Standard Bank already dominates the areas where scale matters: corporate lending, transaction banking and African investment banking. What it lacks, structurally, is exactly where Investec is strongest — high-touch private banking, entrepreneurial clients, advisory-led relationships and integrated wealth management. Investec offers something that cannot easily be replicated: a deeply embedded culture of decentralised decision-making and long-term client trust. In this view, a bid would be a way for Standard to buy time, rather than spend decades attempting to grow similar capabilities from scratch.

Juicy targets

And there is another thing: Investec is right now pretty cheap, trading at 8.63 times annual earnings, even after a respectable 12% rise in its share price over the past year. Standard trades at around 11 times annual earnings, FirstRand at 12 and Absa at 9. That makes Investec something of a juicy target.

In some senses, the same logic applies to an acquisition of Investec by FirstRand, but it’s noteworthy that neither would be synergistic mergers that might be rooted in increasing efficiency.

And there is another thing: the regulatory mechanics. South African banks can own stakes in other banks, but the capital treatment makes it deeply unattractive unless control is the objective.

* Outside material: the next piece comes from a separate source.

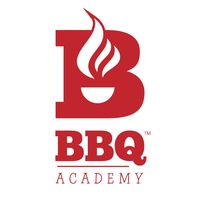 BBQAcademy logo, BBQAcademy contact details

“A lower stake still loads you with capital as if you owned 100%,” Kooyman explains. “And then the problem is you haven’t got control.”

That dynamic was one of the reasons Barclays ultimately exited Absa years ago: partial ownership, full capital pain. The same logic applies today. Which is why Kooyman is sceptical that Standard Bank — or any of the big local players — would seriously contemplate buying Investec outright.

“To merge Standard Bank with Investec would be a nightmare,” he says flatly. “If Standard Bank announced an acquisition of Investec, the price would fall 10% to 15% immediately.” Culture clash, integration risk, union resistance, competition scrutiny — all would overwhelm any theoretical synergy, and there is not a lot of that.

Which makes Nedbank’s audacious hostile takeover attempt of its bigger rival Standard, back in 1999, seem all the more ballsy today. Readers with long memories will remember Trevor Manuel, the then-finance minister, eventually shot the attempt down in 2000, and that was that. 

Internationally, minority stakes between banks are not unusual, particularly where learning, market entry or optionality is the goal.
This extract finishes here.